As shown in fig. 4, the electronic device includes: one or more processors 401, memory 402, and interfaces for connecting the components, including a high-speed interface and a low-speed interface. The various components are interconnected using different buses and may be mounted on a common motherboard or in other manners as desired. The processor may process instructions executing within the electronic device, including instructions stored in or on memory to display graphical information of the GUI on an external input/output device, such as a display device coupled to the interface. In other embodiments, multiple processors and/or multiple buses may be used, if desired, along with multiple memories and multiple memories. Also, multiple electronic devices may be connected, each providing a portion of the necessary operations (e.g., as a server array, a set of blade servers, or a multiprocessor system). One processor 401 is illustrated in fig. 4.

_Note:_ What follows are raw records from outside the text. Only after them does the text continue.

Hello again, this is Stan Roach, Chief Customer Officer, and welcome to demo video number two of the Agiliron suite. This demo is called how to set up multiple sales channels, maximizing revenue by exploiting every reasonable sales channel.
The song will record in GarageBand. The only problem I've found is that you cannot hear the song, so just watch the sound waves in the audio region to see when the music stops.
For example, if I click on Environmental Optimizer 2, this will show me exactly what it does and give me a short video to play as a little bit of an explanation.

Memory 402 is a non-transitory computer-readable storage medium provided herein. Wherein the memory stores instructions executable by the at least one processor to cause the at least one processor to perform the method of web page updating provided herein. The non-transitory computer readable storage medium of the present application stores computer instructions for causing a computer to perform the method of web page updating provided herein.
The memory 402 is used as a non-transitory computer readable storage medium, and may be used to store non-transitory software programs, non-transitory computer executable programs, and modules, such as program instructions/modules (e.g., the processing unit 201, the acquiring unit 202, and the updating unit 203 shown in fig. 2) corresponding to the method for updating a web page in the embodiments of the present application. The processor 401 executes various functional applications of the server and data processing, i.e., a method of implementing web page updating in the above-described method embodiments, by running non-transitory software programs, instructions, and modules stored in the memory 402.

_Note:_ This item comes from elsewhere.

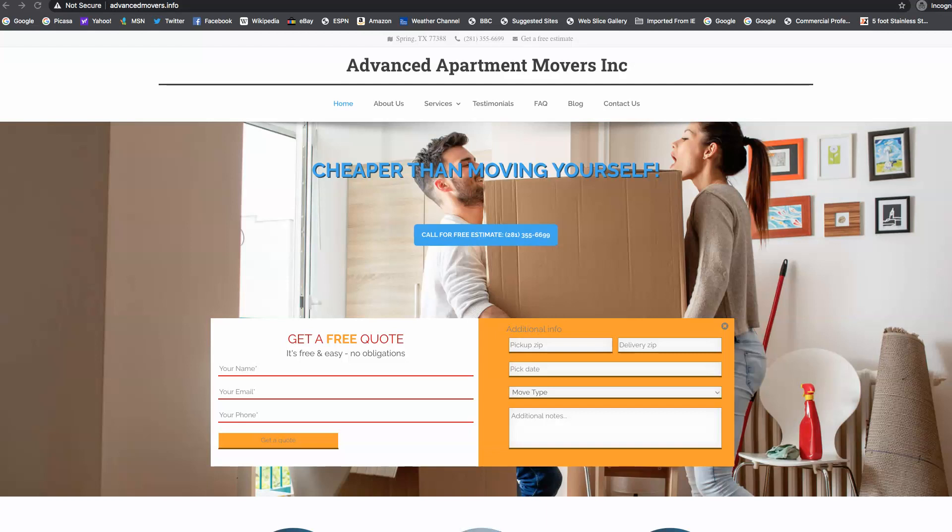The very first thing I want to go over is your website, what we call content. When someone searches for Movers Spring Texas, Google crawls websites on the Internet searching and ranking the sites. It's looking for keywords. It's looking for what should this site be found for.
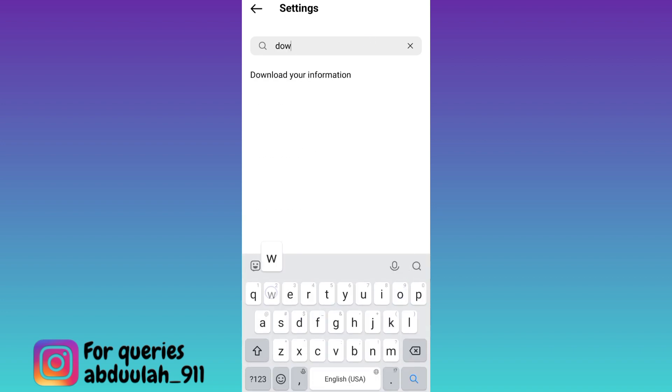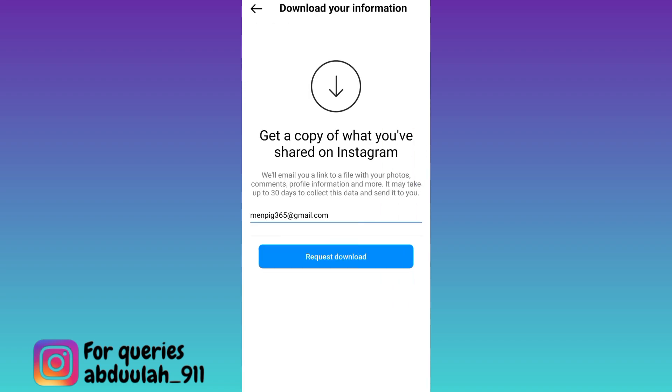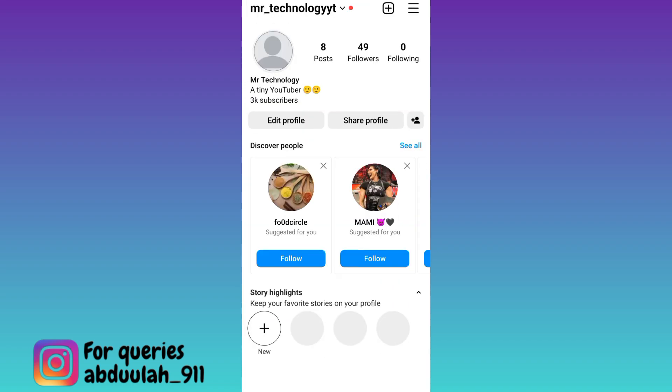Click on the 'Download Your Information' option. A file containing your deleted photos on Instagram will be prepared, and once ready it will be sent to the email address linked with your Instagram account. Once you have received the file, all you have to do is download it.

Memory 402 may include a storage program area that may store an operating system, at least one application program required for functionality, and a storage data area; the storage data area may store data created according to the use of the electronic device, etc. In addition, memory 402 may include high-speed random access memory, and may also include non-transitory memory, such as at least one magnetic disk storage device, flash memory device, or other non-transitory solid-state storage device. In some embodiments, memory 402 may optionally include memory remotely located with respect to processor 401, which may be connected to the electronic device of the web page update method via a network. Examples of such networks include, but are not limited to, the internet, intranets, local area networks, mobile communication networks, and combinations thereof.
The electronic device of the method for updating the web page can further comprise: an input device 403 and an output device 404. The processor 401, memory 402, input device 403, and output device 404 may be connected by a bus or otherwise, for example in fig. 4.
The input device 403 may receive input numeric or character information and generate key signal inputs related to user settings and function control of the electronic device of the method of web page updating, such as input devices for a touch screen, a keypad, a mouse, a track pad, a touch pad, a pointer stick, one or more mouse buttons, a track ball, a joystick, etc. The output device 404 may include a display apparatus, auxiliary lighting devices (e.g., LEDs), and haptic feedback devices (e.g., vibration motors), among others. The display device may include, but is not limited to, a Liquid Crystal Display (LCD), a Light Emitting Diode (LED) display, and a plasma display. In some implementations, the display device may be a touch screen.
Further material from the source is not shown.